Submitted to: Plant Methods
Publication Type: Peer Reviewed Journal
Publication Acceptance Date: 5/23/2016
Publication Date: 7/27/2016
Publication URL: http://handle.nal.usda.gov/10113/62974
Citation: Ellison, M.A., Mcmahon, M.B., Bonde, M.R., Luster, D.G., Palmer, C.L. 2016. In situ hybridization for the detection of rust fungi in paraffin embedded plant tissue sections. Plant Methods. 12:37. DOI: 10.1186/s13007-016-0137-3..

Interpretive Summary: Rust fungi infect a wide range of plant species making them of particular interest to plant pathologists. In order to study the interactions between these important pathogenic fungi and their host plants, it is useful to be able to differentiate fungal tissue from plant tissue. Researchers from USDA-ARS Ft. Detrick, MD, the University of Pittsburgh and Rutgers University tested in situ hybridization (ISH) protocols to visualize pathogens infecting their hosts using samples from plant tissues infected with 3 different rust fungi. The results of these tests show that there is a high degree of specificity when using this technique, allowing for a clear distinction to be made between tissue of the fungal pathogen and the tissue of the plant it has infected. This protocol can be applied to pathogens from different genera of fungi, resulting in no background staining of plant tissue. The in situ hybridization protocol will be a useful addition to the methods and techniques used to localize and identify pathogenic fungi within plant tissues.

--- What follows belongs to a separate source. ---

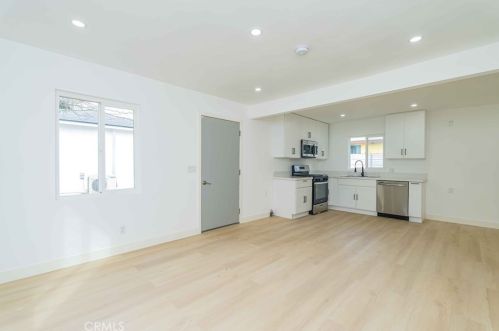 200 Phillips St, Ontario CA  91762-5141 exterior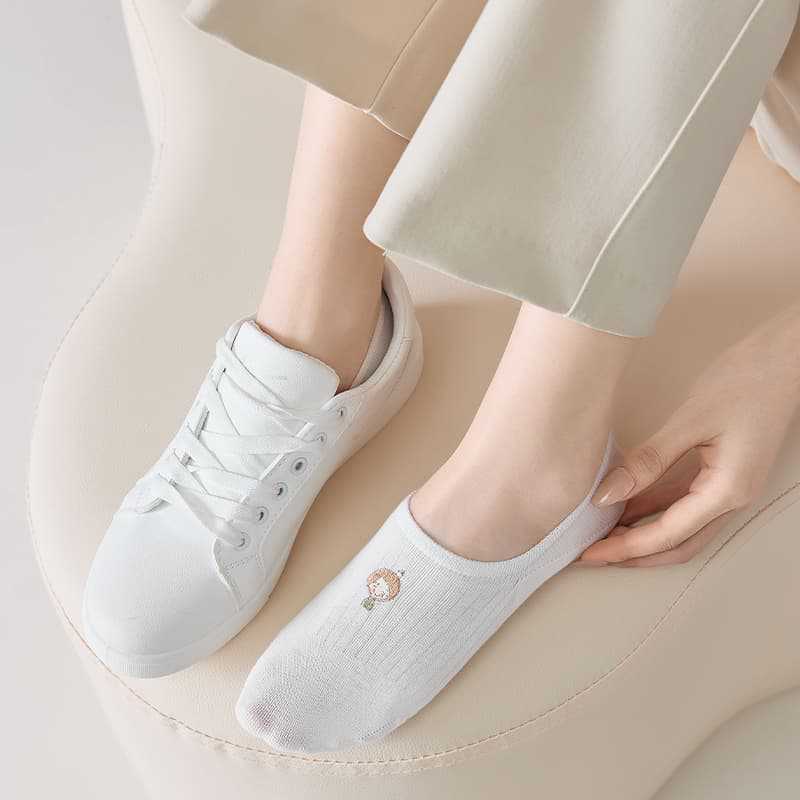 Женские тонкие милые мультяшные вышитые силиконовые нескользящие дышащие носки-лодочки на весну и лето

Technical Abstract: Rust fungi infect a wide range of plant species making them of particular interest to plant pathologists. In order to study the interactions between these important pathogenic fungi and their host plants it is useful to be able to differentiate fungal tissue from plant tissue. This can be accomplished using the in-situ hybridization (ISH) protocol described here. In order to validate this protocol reproducibility samples were tested from P. horiana, U. transversalis and P. pachyrhizi infected plant tissue along side healthy Chrysanthemum x morifolium, Gladiolus x hortulanus and Glycine max tissue samples. The results of these tests show that there is a high degree of specificity when using this technique allowing for a clear distinction to be made between tissue of the fungal pathogen and the tissue of the plant it has infected. The in situ hybridization protocol will be a useful addition to the methods and techniques used to localize and identify pathogenic fungi within plant tissues.